**How to complete this task:** Restate the listing below word for word, and leave its pictures behind.

======== Given material ========

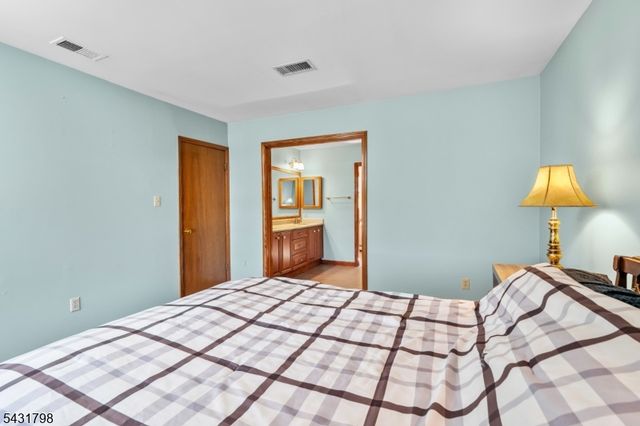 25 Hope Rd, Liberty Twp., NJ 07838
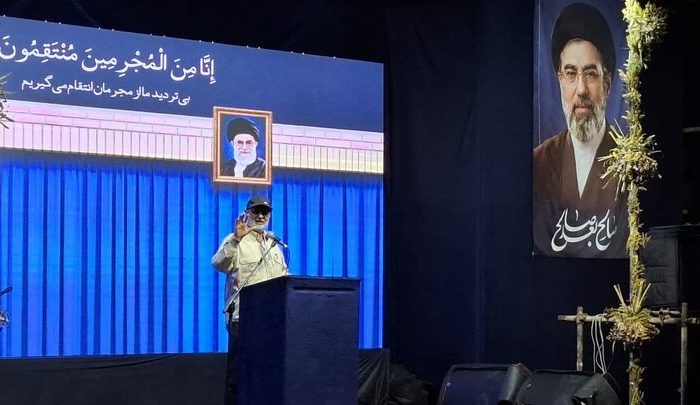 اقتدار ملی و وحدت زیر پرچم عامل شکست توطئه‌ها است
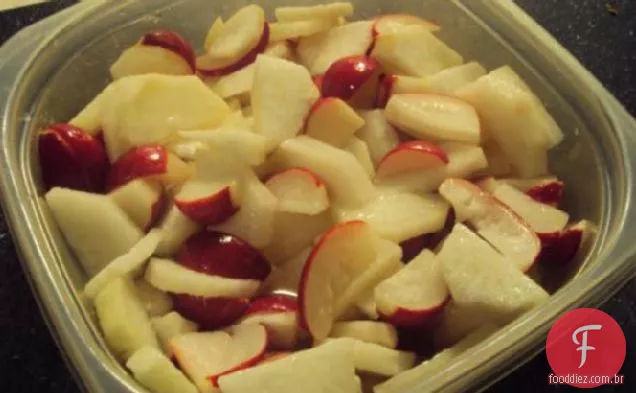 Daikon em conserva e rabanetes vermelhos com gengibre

========

**The answer:**
 25 Hope Rd, Liberty Twp., NJ 07838
 اقتدار ملی و وحدت زیر پرچم عامل شکست توطئه‌ها است
 Daikon em conserva e rabanetes vermelhos com gengibre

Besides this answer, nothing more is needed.